The following is from author Peter Otajian.

Dear Friends,

As you know, I am far from being an expert in theonomy and Christian Reconstruction and still have much to learn and grow before I ever catch up to many of you. Ergo, I request your help in answering the objections of one of my Deacon friends from my church to whom I emailed Rev. Paul M. Raymond’s sermon on:

The Biblical View of Culture and Social Theory 11.

http://www.sermonaudio.com/sermoninfo.asp?SID=129072330332

Below is my good Deacon friend’s response:

Hi Peter,

Thanks for the sermon audio – it is a polemical sermon and includes a swipe at the amillennialist position. I am sympathetic to the frustrations and concerns, but overall I think there is need for greater exegesis from Scripture to be convincing. Also he appeals to section 23 of the WCF, but I do not think that the WCF as a whole supports Theonomy and Reconstructionism (see WCF sect. 19.4).

Friends,

I truly appreciate all of your time and consideration in answering this serious objection if you can. It should be very educational to all of us and it will buttress and re-enforce us in what we believe.

Your comrade in Christ,

- Peter

It’s an ironic position to take that England, Scotland and America were not theonomic and Reconstructionist in the mid-1600s when the Westminster Confession of Faith (WCF) was adopted.

For some hard data on this, I’d recommend Iain Murray’s The Puritan Hope. The fact is that not all Puritans and Presbyterians were postmillennial. In fact, that term did not exist then. There was no distinction between amillennialism and postmillenialism until later. Premillennialism existed on the fringes, but was viewed as aberrant. The so-called “Fifth Monarchy Men” were akin to the modern “end-times” prophets. The problems they caused served as a lesson for us today. However, Murray does a good job showing that what we now call “postmillennialism” was the dominant eschatological view among those who adopted the Westminster Confession. It was the “Puritan Hope.”

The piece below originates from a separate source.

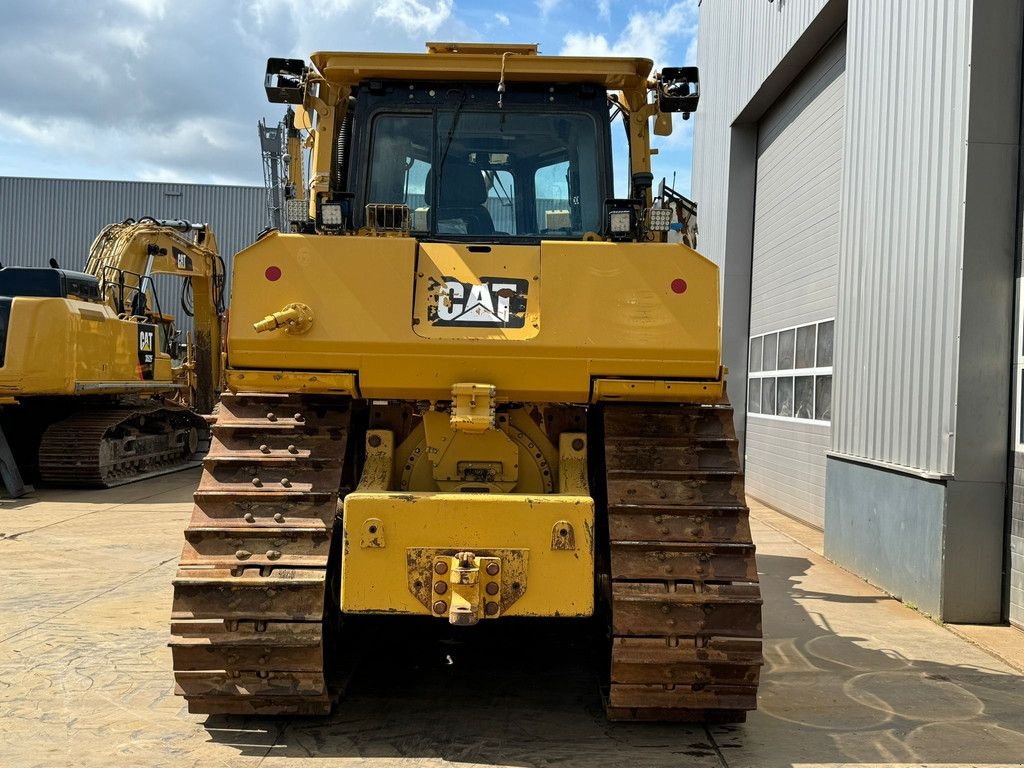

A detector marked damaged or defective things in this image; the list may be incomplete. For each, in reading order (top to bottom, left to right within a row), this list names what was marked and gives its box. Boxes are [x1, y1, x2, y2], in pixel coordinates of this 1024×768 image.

weathered rusty track [36, 403, 207, 487]
weathered rusty track [169, 393, 350, 720]
weathered rusty track [602, 403, 765, 720]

In addition to the solid optimistic eschatological outlook among the Puritans and Presbyterians, theonomy was the order of the day. If you read John Knox’s interviews with Mary Queen of Scots in The Reformation of Scotland they both appealed directly to the Bible in their arguments about civil policy.

When John Knox, a student of John Calvin, defended Protestantism in the court of Mary Queen of Scots he did not shrink back from the binding nature of the Law of God. He even openly proclaimed in these debates that the death penalty should be carried out in accordance with the prescribed biblical sanctions. These debates demonstrate conclusively that Knox was a theonomist in the sense that he believed in the continuing binding validity of Old Testament penal sanctions.

Knox wrote:

This we have not by profane writers only; but the Holy Spirit taught us this infallible truth, that where iniquity reigns in a commonwealth, and none is found boldly and openly to reprehend the same, that there shall sudden vengeance and destruction follow.

Knox then quotes from Ezekiel 22, and says that the moral Law of God, as reiterated by the prophet, is for every nation.

Advert, madam, for these are not the words of mortal man, but of the eternal God, and were not spoken against Jerusalem only, but against every realm and nation that so offends.

In the 16th and 17th centuries, the Bible shaped civil law either by direct application or by principle. Whether Puritan, Presbyterian, Anglican or Roman Catholic, biblical law formed the basis for determining the civil law. When Henry VIII wanted to divorce Catherine of Aragorn he appealed to the prohibition against marriage to his now deceased brother’s wife, which was forced on Arthur and then Henry when they were still youths in order to secure an alliance between Spain and England.

Thou shalt not uncover the nakedness of thy brother’s wife: it is thy brother’s nakedness (Leviticus 18:16).

Here was the question posed to the Catholic Church: Since Arthur and Catherine did not have sexual relations during their brief marriage, did the the injunction of Leviticus still apply? Catherine claimed the marriage was never consummated and therefore the marriage to Henry was legitimate.

The Catholic Church argued that the case law here applied only to Levitical priests and that Henry had no right to have the marriage annulled based on the precepts of Leviticus. And in fact, that is what the WCF means when it says that certain laws are no longer applicable – either they were for the priests specifically or described the civil structure of the twelve tribes. Those laws obviously passed with the passing of civil Israel.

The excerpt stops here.